La prosa de Pearlman resulta elegante, delicada y meticulosa, rica en matices sin caer en la saturación. En sus relatos, de poco más de diez páginas de media, desarrolla al mismo tiempo la historia y el decorado, que se van complementando hasta formar una única imagen, un retrato compacto y sin fisuras. Una visión binocular, por tanto, algo que en los seres humanos es tan normal que la mayor parte del tiempo no somos conscientes de ello. En general huye de la anécdota, de los cuentos de foto fija, y también de los finales abruptos y vistosos. Algunos de ellos, en un ejercicio notable de elipsis, incluso relatan vidas enteras. Muchos personajes principales bordean las últimas horas de su existencia (en “Reliquia y modelo” o en el magnífico “Independencia”), así que la vejez aparece como tema recurrente, al igual que la familia, la religión o, quizá de manera más sorprendente, la multiculturalidad. Habla mucho Pearlman de los judíos y sus tradiciones, y también de cómo se engarzan con las culturas que los rodean (en ese sentido es un Philip Roth de bolsillo).
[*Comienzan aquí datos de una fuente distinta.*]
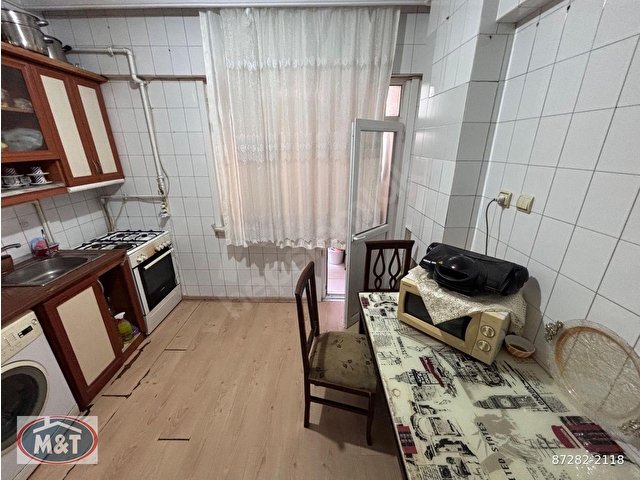 Güngören Camlıkahvede 30 Yıllık Bina 3+1 Asansörlü Satılık Hisse Tapulu Daire - Görsel 9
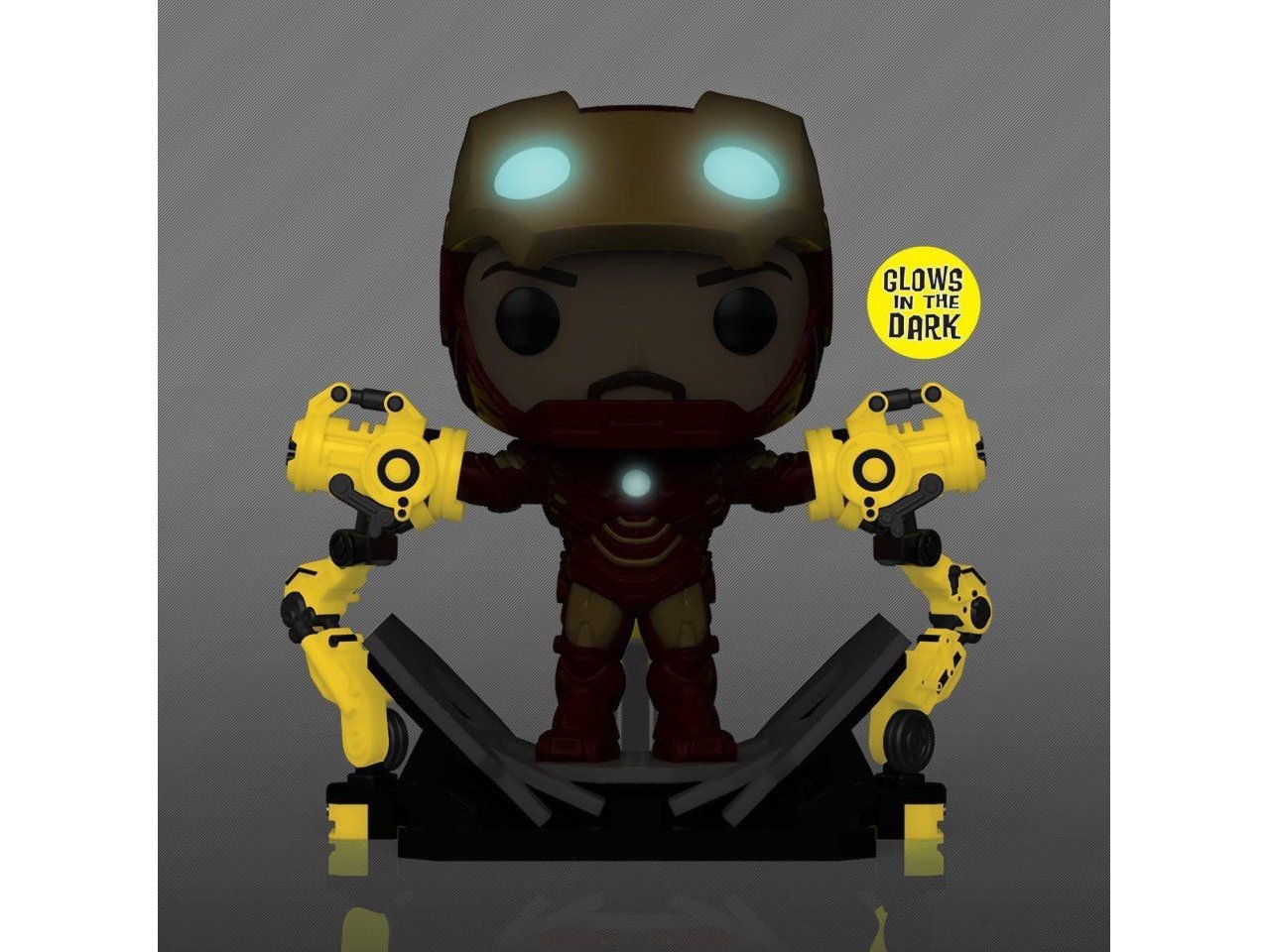 Купить Фигурка Funko POP! Deluxe: Marvel: Iron Man 2: Iron Man (with  Gantry) (GW) #905 | GAMEBUY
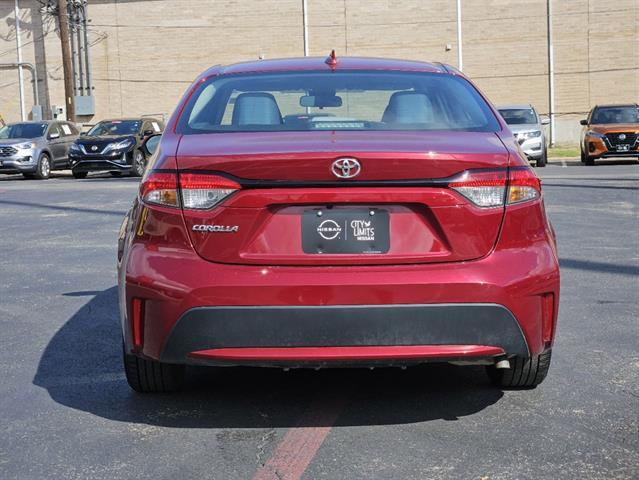 2022 Toyota Corolla LE 4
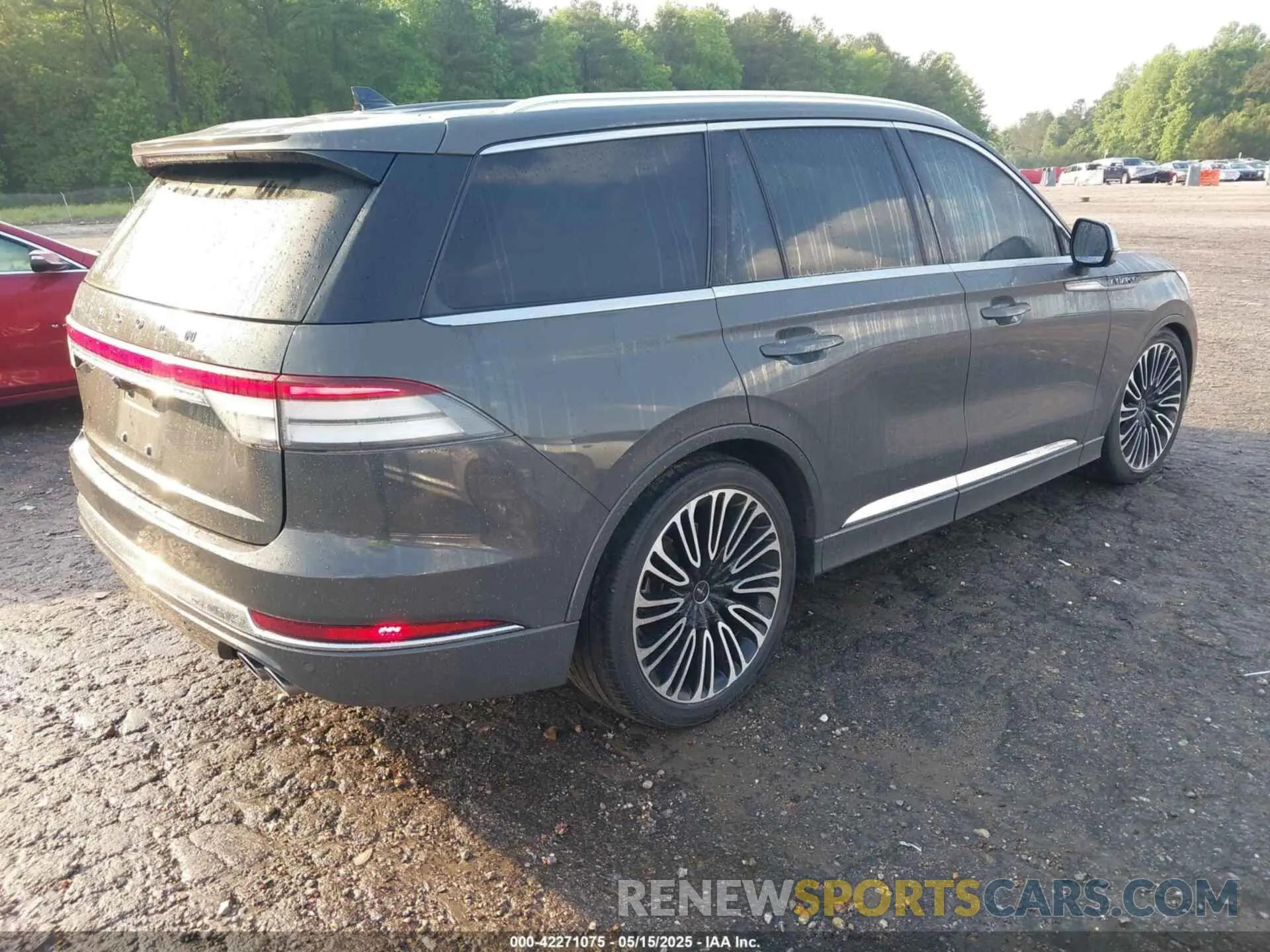 4 Photograph of a damaged car 5LM5J9XC9MGL15599 LINCOLN AVIATOR 2021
De esta manera, muchas de sus historias, independientes entre sí, se localizan en diversos puntos del globo, desde Japón hasta Jerusalén, aunque la mayor parte terminan teniendo alguna relación con Godolphin, un barrio residencial a las afueras de Boston. Su particular granja de hormigas, de donde Edith Pearlman escoge la mayor parte de las familias que retrata.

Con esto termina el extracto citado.